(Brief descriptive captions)
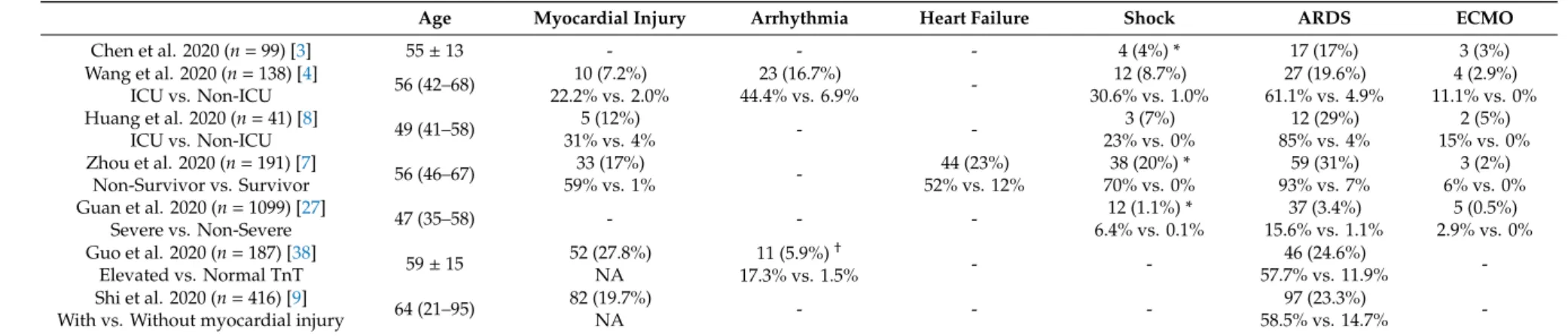 Table 2. Prevalence of Cardiovascular Complications, Acute Respiratory Distress Syndrome (ARDS), and Extracorporeal Membrane Oxygenation (ECMO) in COVID-19 Patients.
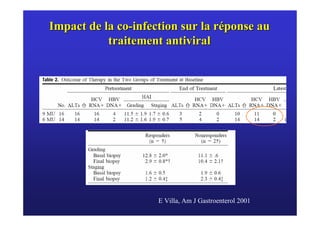Impact de la co-infection sur la réponse au
           traitement antiviral




                     E Villa, Am J Gastroenterol 2001
 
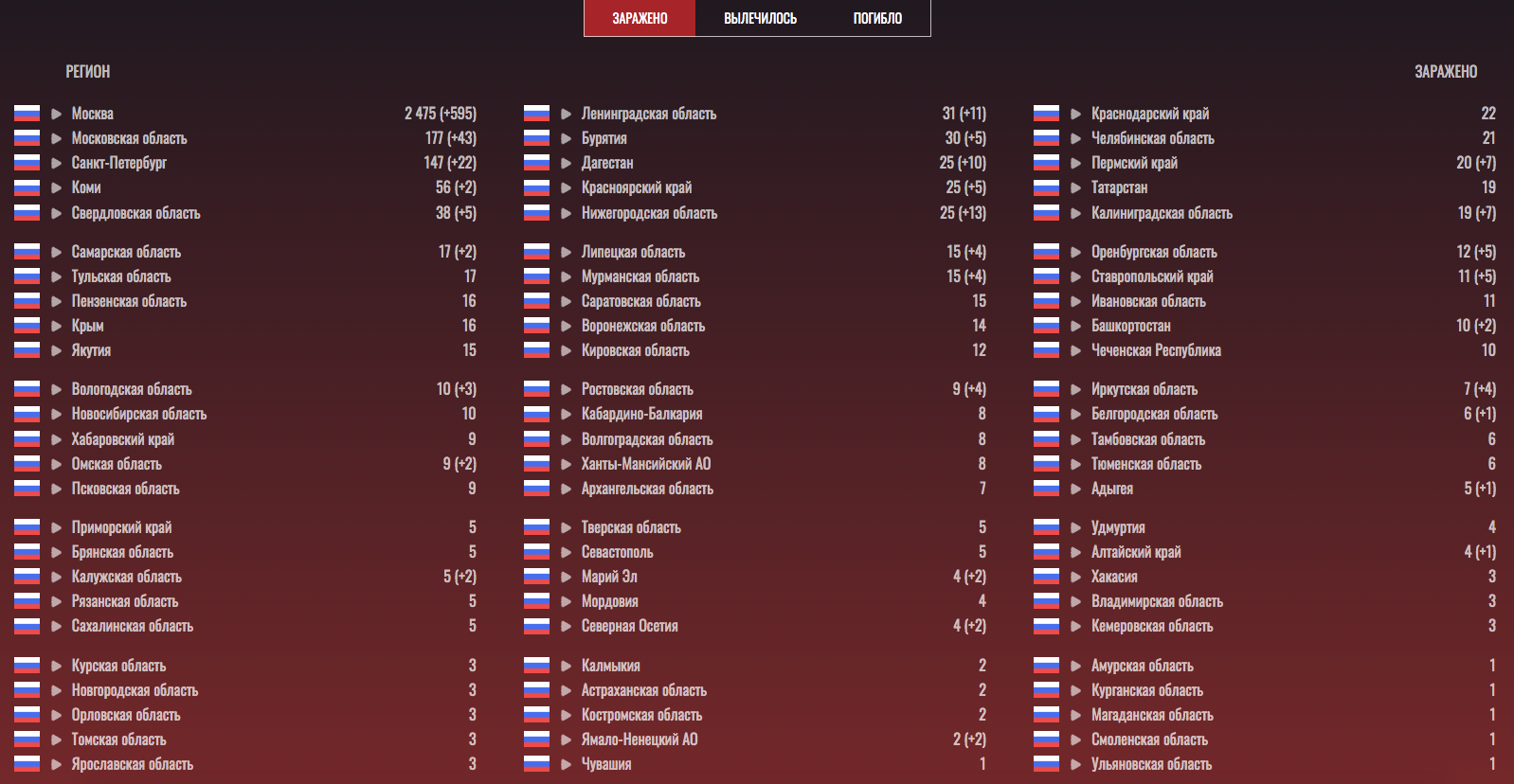 Information about people infected with coronavirus as of April 2, 22:04 - My, Coronavirus, Self-isolation, Statistics, Information, Russia, Country, Quarantine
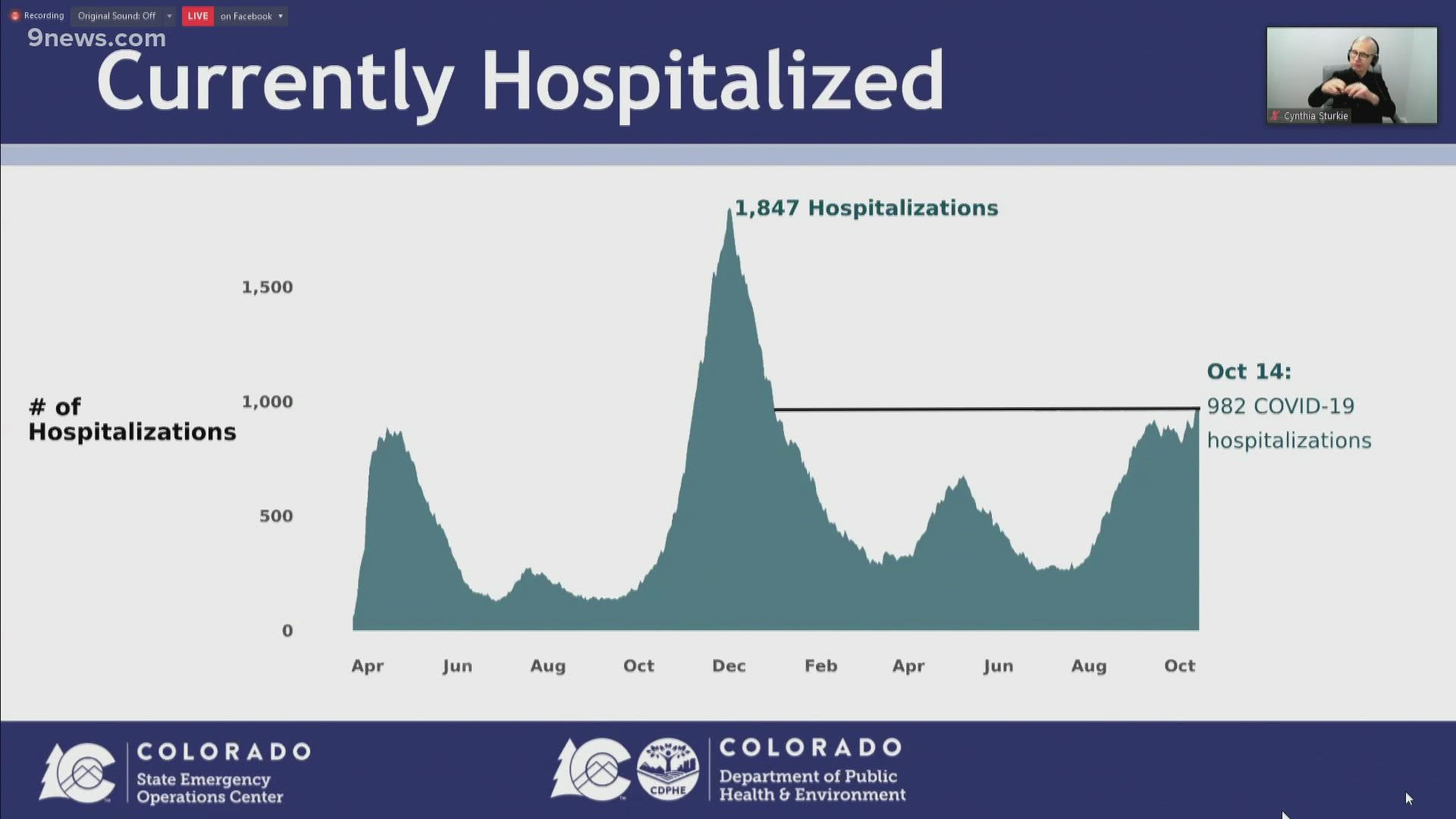 Health officials in Colorado provided an update on the latest on the coronavirus pandemic and vaccinations in the state on Friday, Oct. 15, 2021.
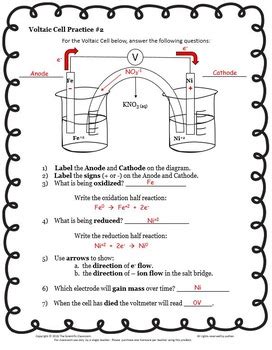 Voltaic Cell Worksheet Science 122 Electrochemical Cells Studocu The Electrochemical Cell Worksheet - The Electrochemical Cell Worksheet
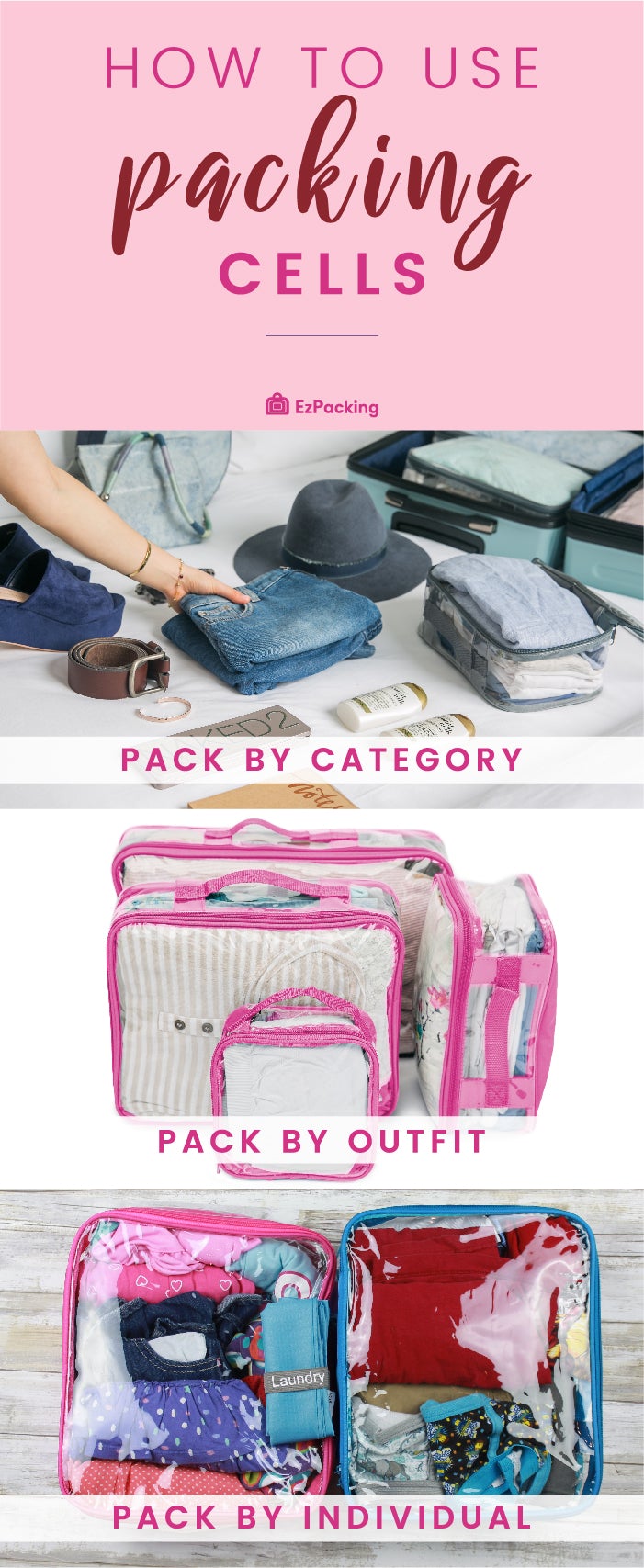 How to use packing cells for suitcase organization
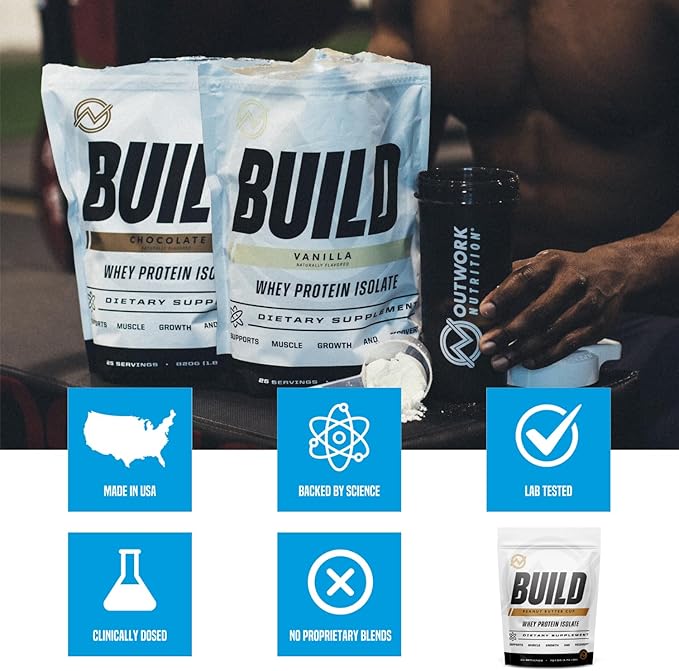 Outwork Nutrition Build Whey Protein Isolate Powder - Low Lactose, Gluten-Free Protein Powder for Muscle Growth & Workout Recovery, Backed by Science, Peanut Butter, 1.8lbs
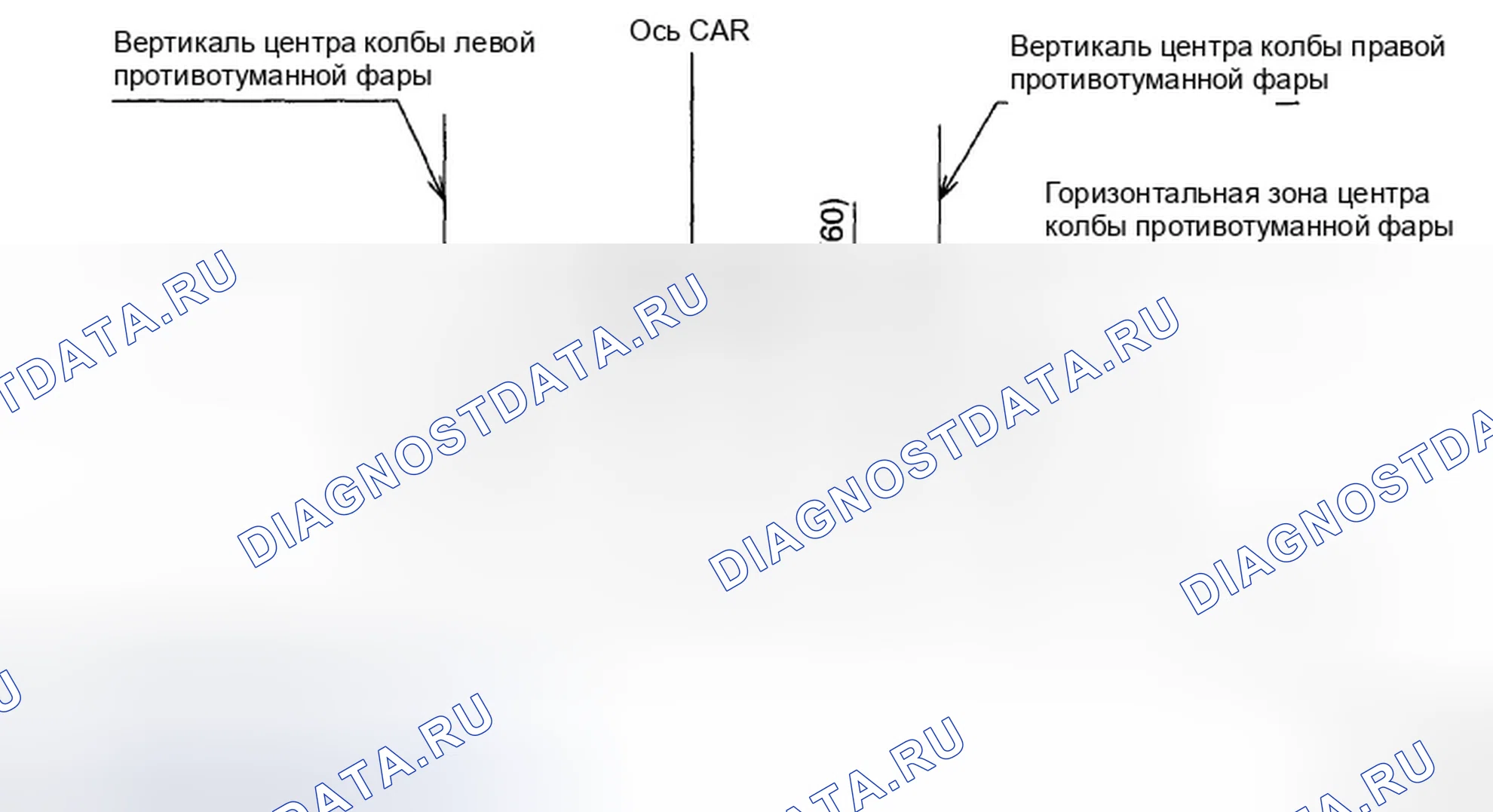 Рис. 34. Hyundai Genesis I
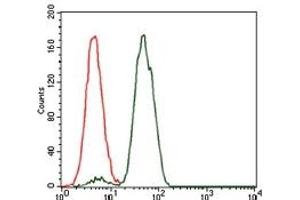 Flow Cytometry (FACS) image for anti-NCK Adaptor Protein 1 (NCK1) antibody (ABIN1108388)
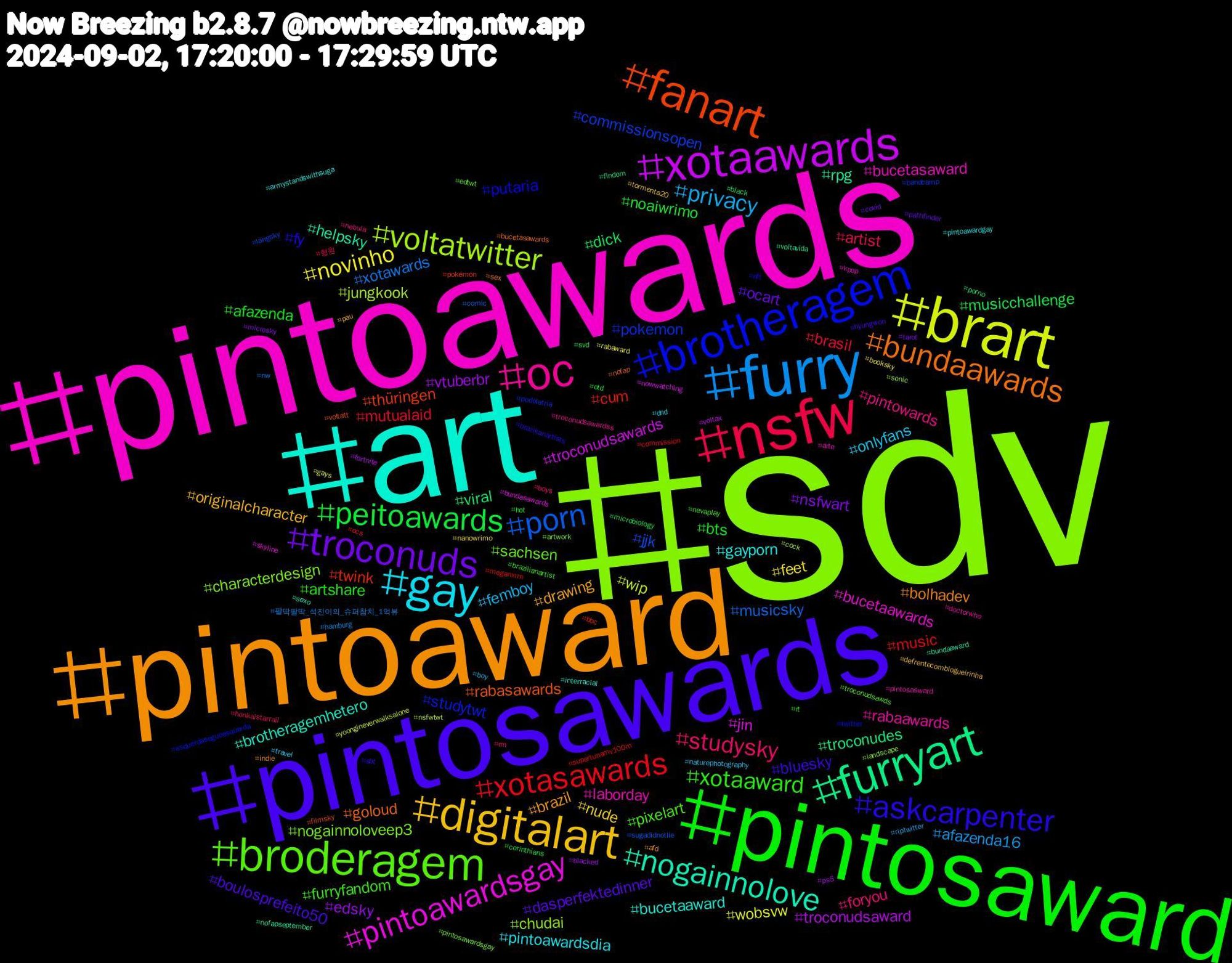 Hashtag Cloud; its hashtagged words/phrases (sorted by weighted frequency, descending):  sdv, pintoawards, art, pintoaward, pintosawards, pintosaward, nsfw, furry, brart, xotaawards, furryart, fanart, brotheragem, broderagem, oc, gay, digitalart, troconuds, peitoawards, xotasawards, porn, voltatwitter, pintoawardsgay, nogainnolove, bundaawards, askcarpenter, xotaaward, studysky, privacy, novinho, vtuberbr, viral, twink, pokemon, nogainnoloveep3, laborday, gayporn, drawing, dasperfektedinner, bts, brasil, xotawards, wip, troconudsawards, rpg, rabasawards, putaria, pixelart, pintowards, onlyfans, nude, nsfwart, musicchallenge, music, jjk, chudai, bucetaawards, brotheragemhetero, bolhadev, bluesky, artshare, artist, afazenda16, wobsvw, troconudsaward, troconudes, thüringen, studytwt, sachsen, rabaawards, pintoawardsdia, originalcharacter, ocart, noaiwrimo, mutualaid, musicsky, jungkook, jin, helpsky, goloud, fy, furryfandom, foryou, femboy, feet, edsky, dick, cum, commissionsopen, characterdesign, bucetasaward, bucetaaward, brazil, boulosprefeito50, afazenda, 형원, 팔딱팔딱_석진이의_슈퍼참치_1억뷰, yoongineverwalksalone, voltax, voltavida, voltatt, twitter, troconudsawds, troconudsawardss, travel, tormenta20, tarot, svd, supertunamv100m, sugadidnotlie, sonic, skyline, sexo, sex, sbt, rt, rm, riptwitter, rabaward, ps5, porno, pokémon, podolatria, pintosawardsgay, pintosasward, pintoawardgay, pau, pathfinder, otd, ocs, nw, nsfwtwt, nowwatching, nofapseptember, nofap, nft, nevaplay, nebula, naturephotography, nanowrimo, microsky, microbiology, meganxrm, langsky, landscape, kpop, interracial, indie, hyungwon, hot, honkaistarrail, hamburg, gays, fortnite, findom, filmsky, esquerdasegueesquerda, edtwt, doctorwho, dnd, defrentecomblogueirinha, covid, corinthians, commission, comic, cock, bundasawards, bundaaward, bucetasawards, brazilianartists, brazilianartist, boys, boy, booksky, blacked, black, bbc, bandcamp, artwork, arte, armystandswithsuga, afd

What you will do: Copy out every line above, word for word, minus images.

Task result:
 Table 2. Prevalence of Cardiovascular Complications, Acute Respiratory Distress Syndrome (ARDS), and Extracorporeal Membrane Oxygenation (ECMO) in COVID-19 Patients.
Impact de la co-infection sur la réponse au
           traitement antiviral




                     E Villa, Am J Gastroenterol 2001
 
 Information about people infected with coronavirus as of April 2, 22:04 - My, Coronavirus, Self-isolation, Statistics, Information, Russia, Country, Quarantine
 Health officials in Colorado provided an update on the latest on the coronavirus pandemic and vaccinations in the state on Friday, Oct. 15, 2021.
 Voltaic Cell Worksheet Science 122 Electrochemical Cells Studocu The Electrochemical Cell Worksheet - The Electrochemical Cell Worksheet
 How to use packing cells for suitcase organization
 Outwork Nutrition Build Whey Protein Isolate Powder - Low Lactose, Gluten-Free Protein Powder for Muscle Growth & Workout Recovery, Backed by Science, Peanut Butter, 1.8lbs
 Рис. 34. Hyundai Genesis I
 Flow Cytometry (FACS) image for anti-NCK Adaptor Protein 1 (NCK1) antibody (ABIN1108388)
 Hashtag Cloud; its hashtagged words/phrases (sorted by weighted frequency, descending):  sdv, pintoawards, art, pintoaward, pintosawards, pintosaward, nsfw, furry, brart, xotaawards, furryart, fanart, brotheragem, broderagem, oc, gay, digitalart, troconuds, peitoawards, xotasawards, porn, voltatwitter, pintoawardsgay, nogainnolove, bundaawards, askcarpenter, xotaaward, studysky, privacy, novinho, vtuberbr, viral, twink, pokemon, nogainnoloveep3, laborday, gayporn, drawing, dasperfektedinner, bts, brasil, xotawards, wip, troconudsawards, rpg, rabasawards, putaria, pixelart, pintowards, onlyfans, nude, nsfwart, musicchallenge, music, jjk, chudai, bucetaawards, brotheragemhetero, bolhadev, bluesky, artshare, artist, afazenda16, wobsvw, troconudsaward, troconudes, thüringen, studytwt, sachsen, rabaawards, pintoawardsdia, originalcharacter, ocart, noaiwrimo, mutualaid, musicsky, jungkook, jin, helpsky, goloud, fy, furryfandom, foryou, femboy, feet, edsky, dick, cum, commissionsopen, characterdesign, bucetasaward, bucetaaward, brazil, boulosprefeito50, afazenda, 형원, 팔딱팔딱_석진이의_슈퍼참치_1억뷰, yoongineverwalksalone, voltax, voltavida, voltatt, twitter, troconudsawds, troconudsawardss, travel, tormenta20, tarot, svd, supertunamv100m, sugadidnotlie, sonic, skyline, sexo, sex, sbt, rt, rm, riptwitter, rabaward, ps5, porno, pokémon, podolatria, pintosawardsgay, pintosasward, pintoawardgay, pau, pathfinder, otd, ocs, nw, nsfwtwt, nowwatching, nofapseptember, nofap, nft, nevaplay, nebula, naturephotography, nanowrimo, microsky, microbiology, meganxrm, langsky, landscape, kpop, interracial, indie, hyungwon, hot, honkaistarrail, hamburg, gays, fortnite, findom, filmsky, esquerdasegueesquerda, edtwt, doctorwho, dnd, defrentecomblogueirinha, covid, corinthians, commission, comic, cock, bundasawards, bundaaward, bucetasawards, brazilianartists, brazilianartist, boys, boy, booksky, blacked, black, bbc, bandcamp, artwork, arte, armystandswithsuga, afd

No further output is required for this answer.